Sort of. The new firm will certainly be big: analysts expect NewCo, as the outfit is being dubbed until branding consultants come up with an even less inspiring name, will boast a market value of around $100bn. But what would be Europe’s second-biggest technology firm (see chart) will have little to do with Europe or its consumers. Most of its value will be down to the purchase in 2001 by Naspers of one-third of Tencent, a Chinese group best known for its ubiquitous WeChat app, for $32m. The 31% stake it still owns is now worth $133bn.
Naspers, which started out as an Afrikaans newspaper group a century ago, has since gone on to invest in a host of startups, mostly in emerging markets. The runaway success of Tencent has created an enviable headache: Naspers has become too big for the Johannesburg stock exchange, where it now makes up a quarter of the local index. Such scale requires foreign investors, not all of whom are keen on South Africa’s currency and political risk. Amsterdam, where Naspers already has staff, has similar listing requirements to Johannesburg.

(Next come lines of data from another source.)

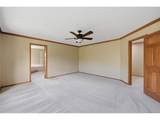2265 Cloverdale Dr - Photo 28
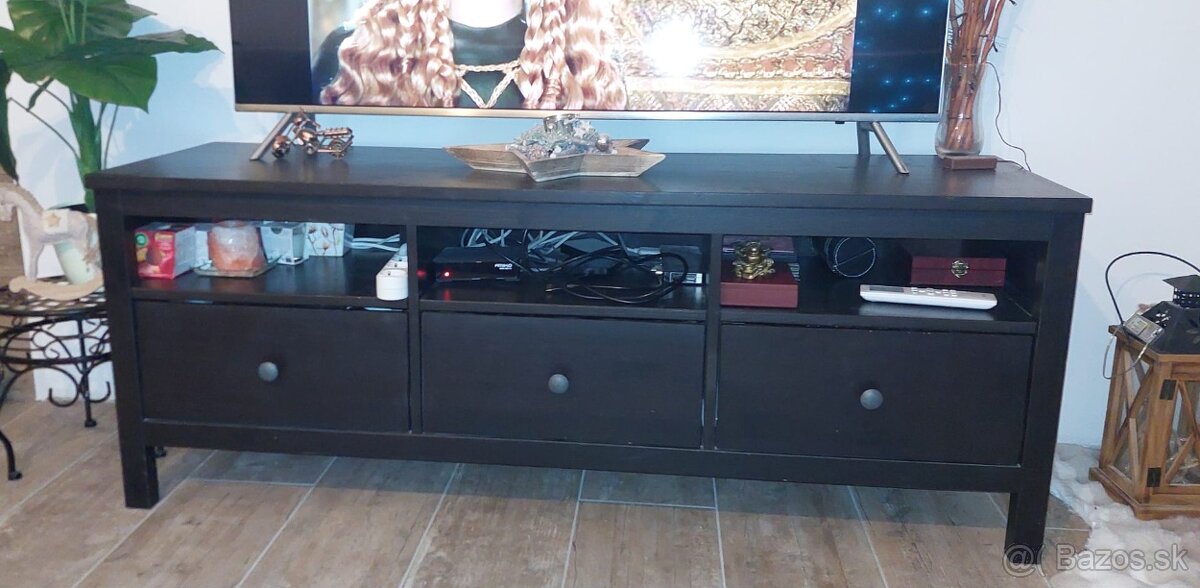 Nábytok do obývačky - 2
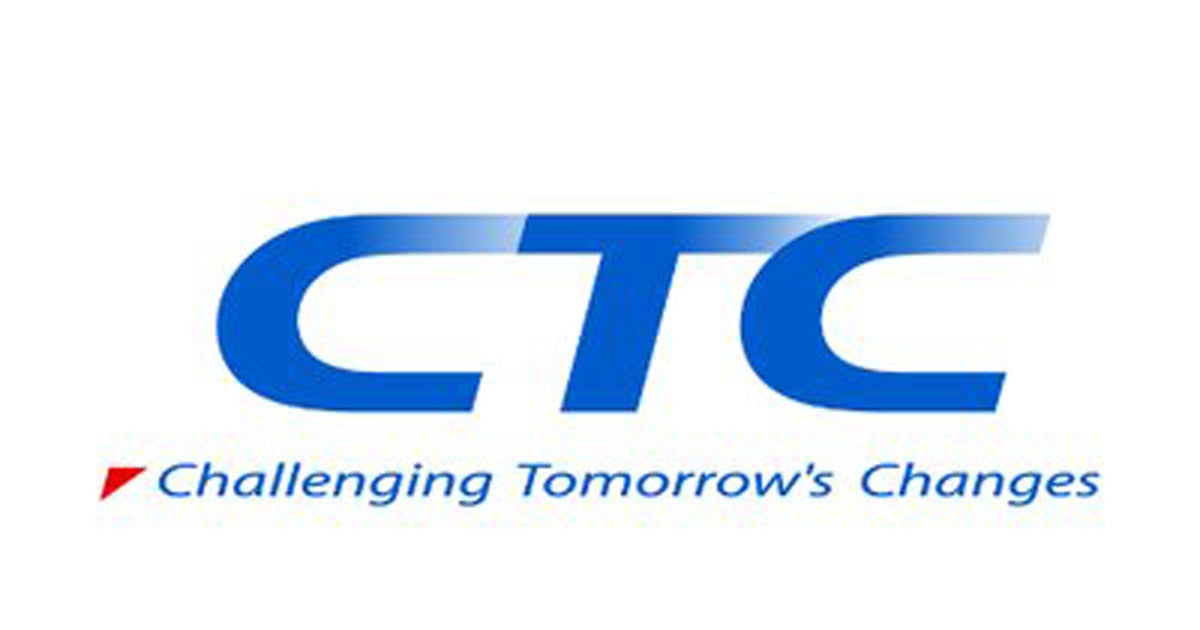 CTC、金融機関向けのAPI連携ソリューション提供開始
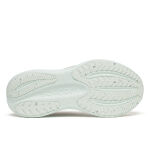 Saucony Triumph 23 M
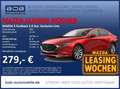 Mazda 3 2.0L e-SKYACTIV X 6AT FWD Exclusive-Line Rot - thumbnail 1
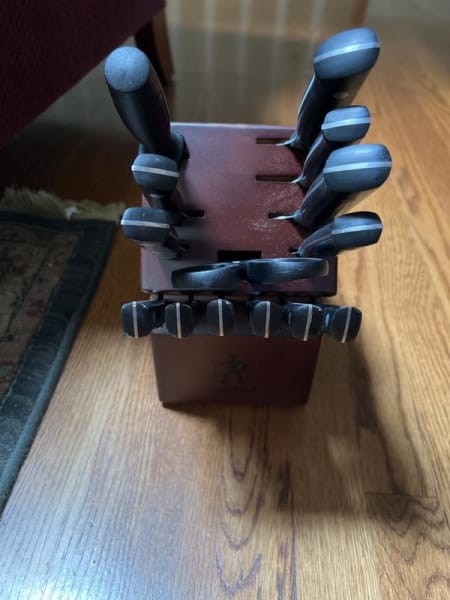 Customer image 31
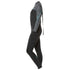 Bare Wetsuit 3/2Mm Elate Full Womens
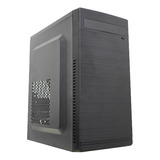 Cpu Computador Pc Core I3 Ssd 120gb 8gb Nf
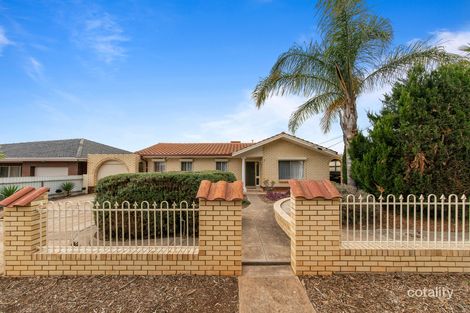 Property photo of 7 Emlyn Avenue Salisbury SA 5108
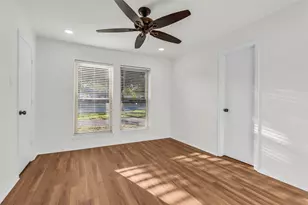 512 Arbor Brook Ln, Coppell, TX 75019 - Photo 19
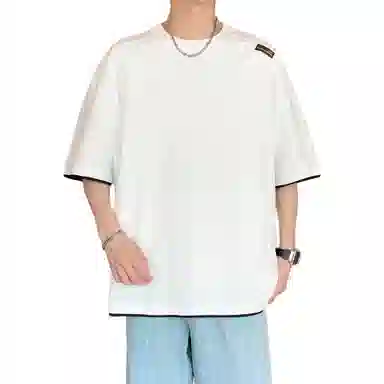 IGOI cleanfitT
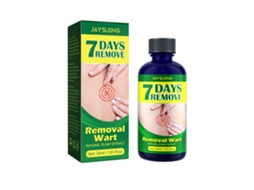 Sérum Limpeza e Condicionamento Pele Limpa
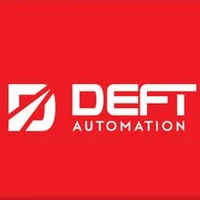DEFT GROUP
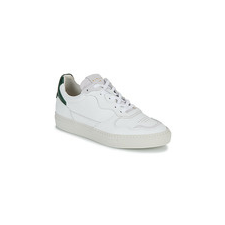 Piola Rövid szárú edzőcipők INTI Fehér 40 női cipő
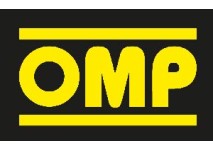 OMP helmets
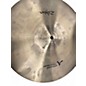 Used Zildjian 20in Avedis Cymbal Pack Cymbal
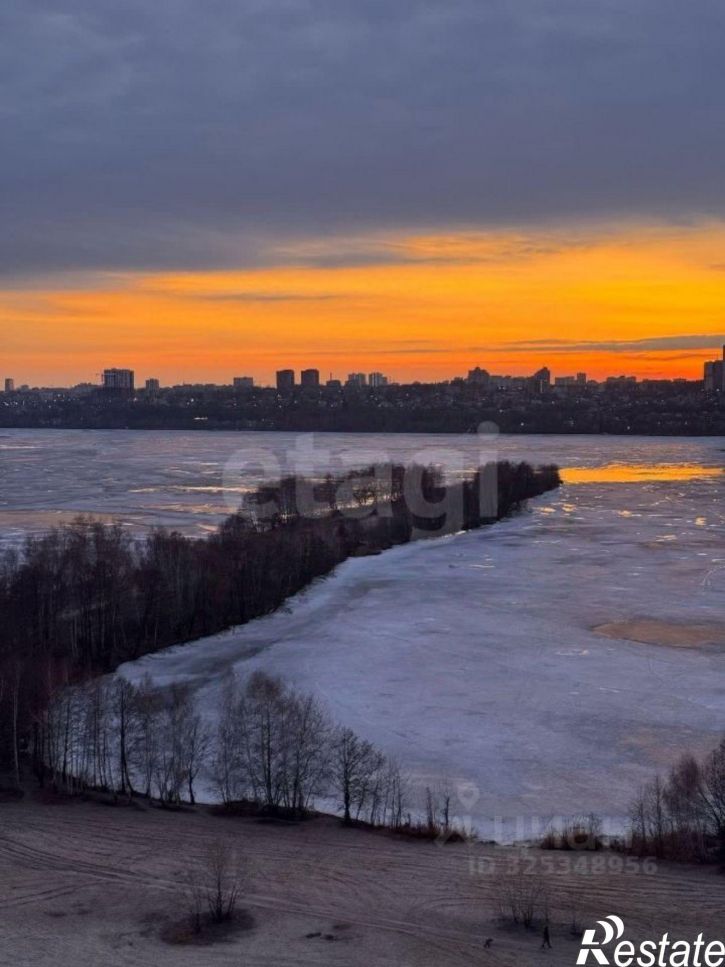 1-комн квартира ул Маршала Одинцова, 25б/12,  д. 25б/12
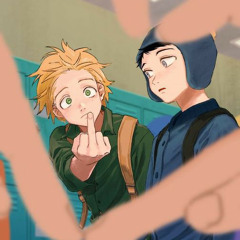 Close (Keyano Beats)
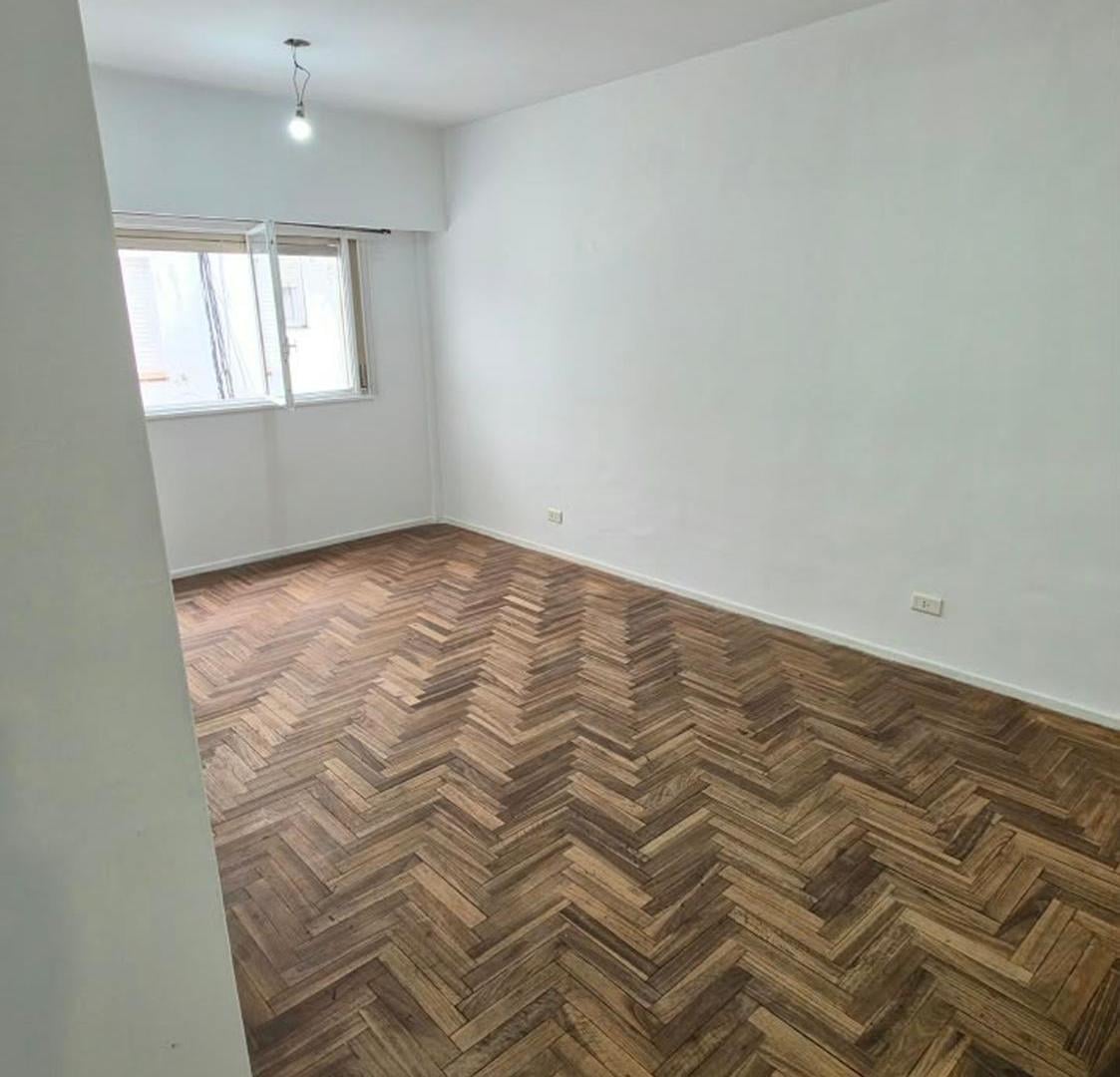 Foto de Alquiler departamento monoambiente Barrio Norte, imagen 4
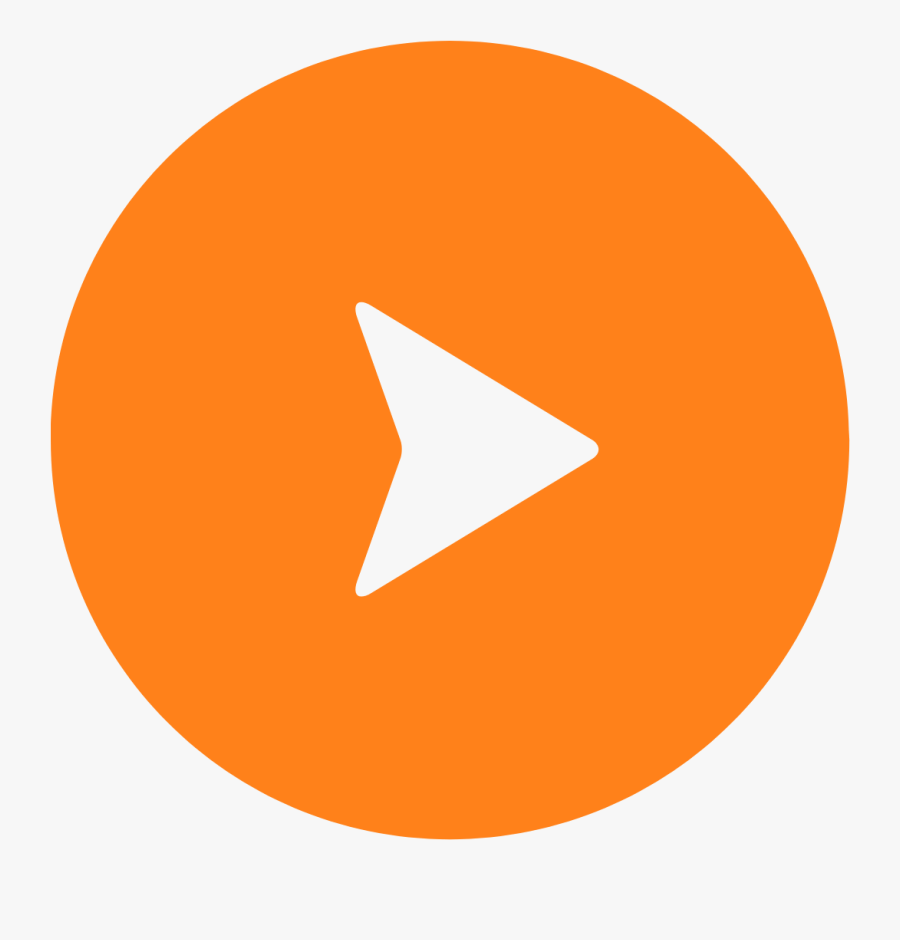 Netting Clip Catcher - Ville De Saint Etienne, Transparent Clipart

Splitting the group and relocating part of it to Europe should help close the gap between the value of the stakes in businesses Naspers owns, such as Tencent, and its market capitalisation, which is lower. By the company’s own reckoning, the discount has widened from around 25% four years ago to over 40%. Some of this is inevitable: Naspers couldn’t sell its stake in Tencent without paying taxes, for example. But it looks embarrassing for executives when investors ascribe little value to anything other than its star equity holding.
Others know the feeling. SoftBank, a Japanese conglomerate, owns just under a third of Alibaba but gets (in its view) insufficient recognition from investors for its other businesses, like Sprint, an American telecoms firm, or a holding in a $100bn venture-capital fund that has rained money onto fashionable startups. Yahoo, an internet pioneer, has been renamed Altaba, a portmanteau of “alternative Alibaba”. By the time Yahoo’s bosses sold its operations to Verizon in 2017, keeping mainly its Alibaba stake, investors treated the stock as a back door to the Chinese firm.
Naspers has no plans to go that far. It will retain 75% of NewCo when it lists it later this year, and has not given up trying to replicate its Tencent jackpot. An investment in Flipkart, an Indian online retailer, made handsome returns when that firm was sold to Walmart last year, for example. The next wager on Europe, anyone?